Source data:
::::

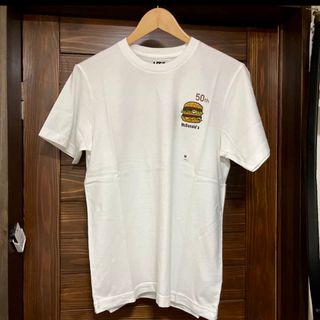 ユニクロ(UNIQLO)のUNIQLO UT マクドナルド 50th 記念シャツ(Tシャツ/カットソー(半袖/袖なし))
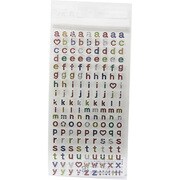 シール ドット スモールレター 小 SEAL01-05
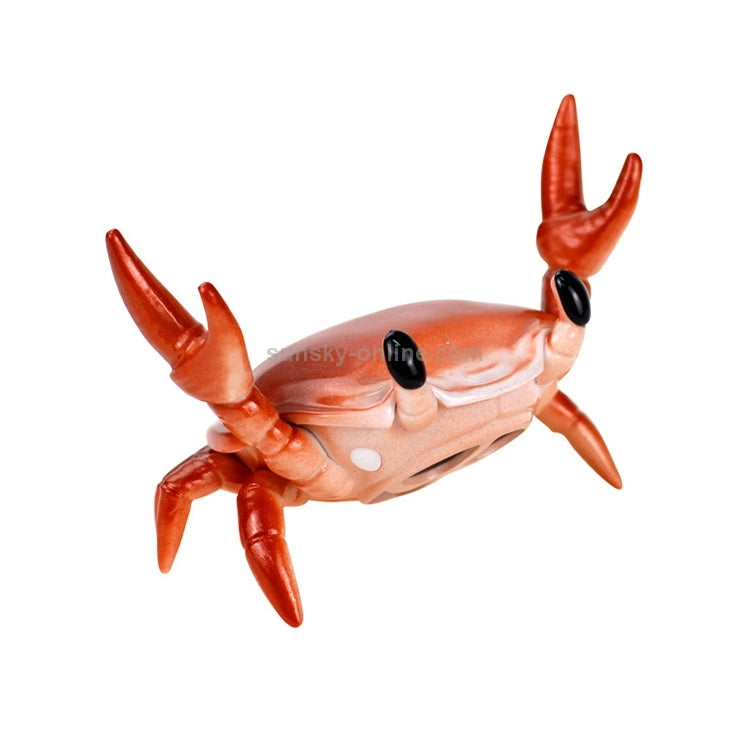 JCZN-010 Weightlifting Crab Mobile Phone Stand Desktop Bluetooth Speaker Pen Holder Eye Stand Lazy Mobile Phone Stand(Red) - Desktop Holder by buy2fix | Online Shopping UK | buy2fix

::::

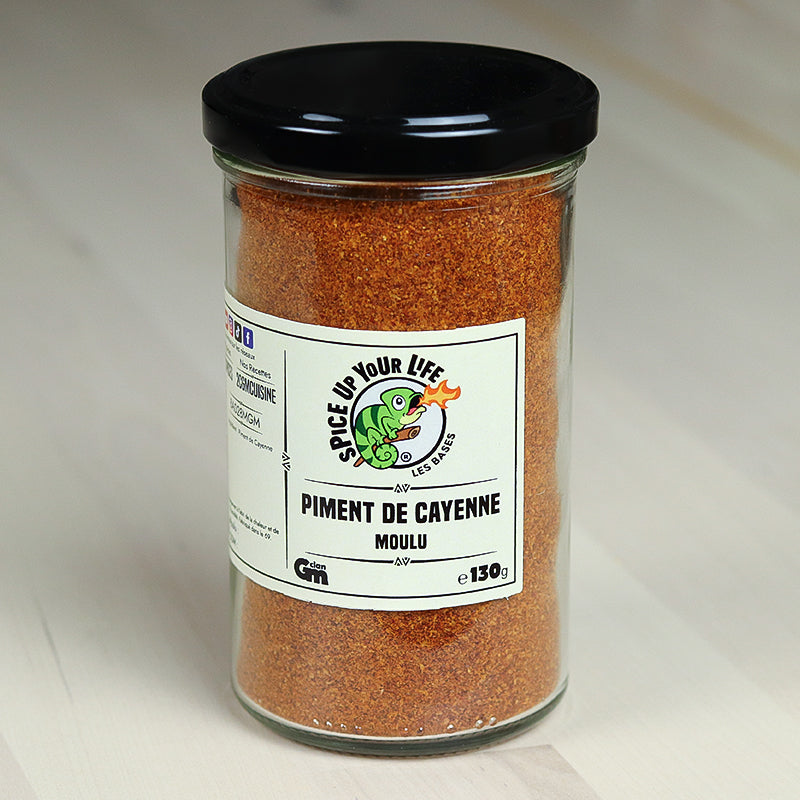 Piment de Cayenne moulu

::::

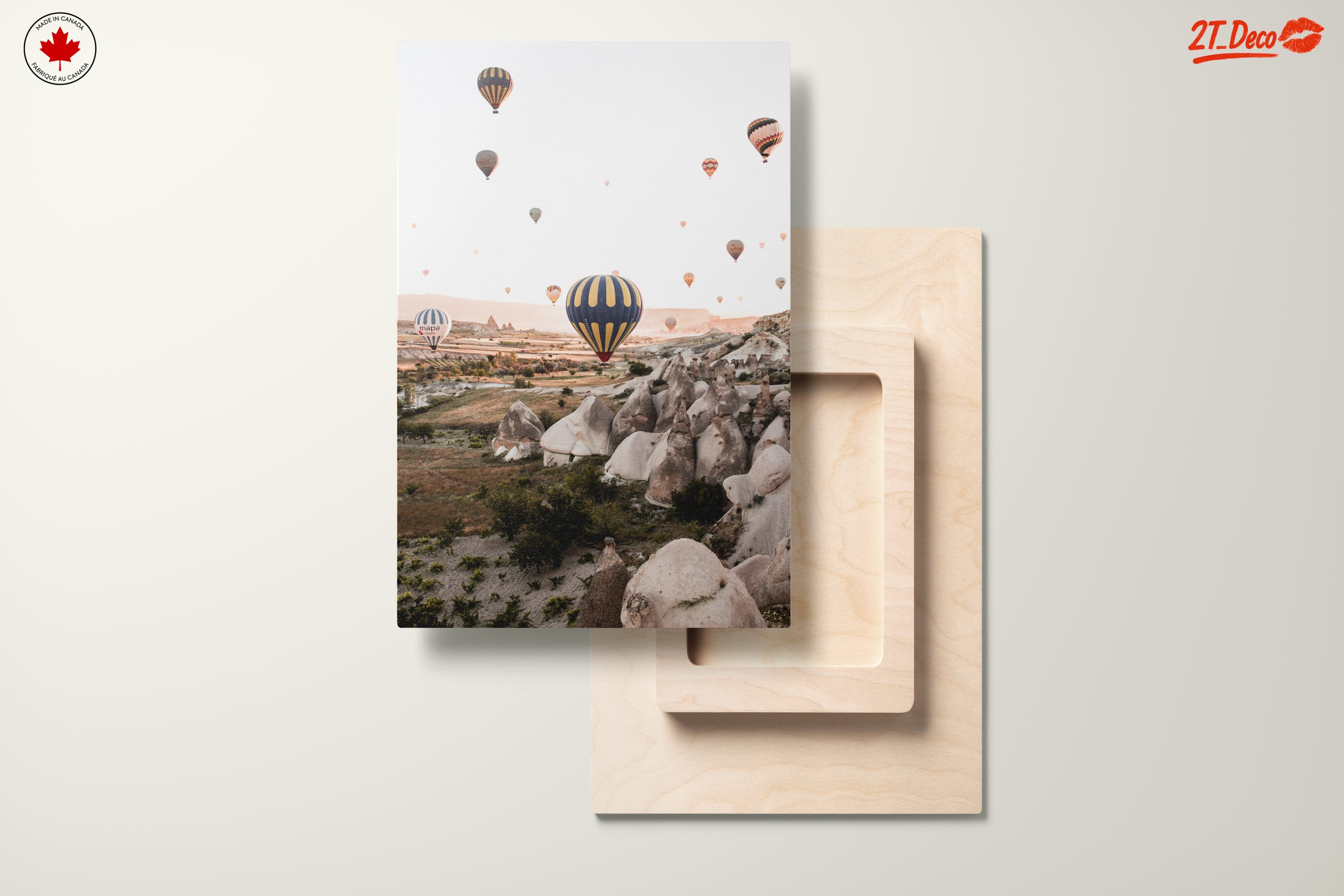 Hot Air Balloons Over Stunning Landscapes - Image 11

::::

What needs to be done:
Where a picture appears in the records above, omit it, and transcribe exactly the stretch of lines from the one with "ユニクロ(UNIQLO)のUNIQLO UT マクドナルド" through the one with "JCZN-010 Weightlifting Crab".

Written answer:
 ユニクロ(UNIQLO)のUNIQLO UT マクドナルド 50th 記念シャツ(Tシャツ/カットソー(半袖/袖なし))
 シール ドット スモールレター 小 SEAL01-05
 JCZN-010 Weightlifting Crab Mobile Phone Stand Desktop Bluetooth Speaker Pen Holder Eye Stand Lazy Mobile Phone Stand(Red) - Desktop Holder by buy2fix | Online Shopping UK | buy2fix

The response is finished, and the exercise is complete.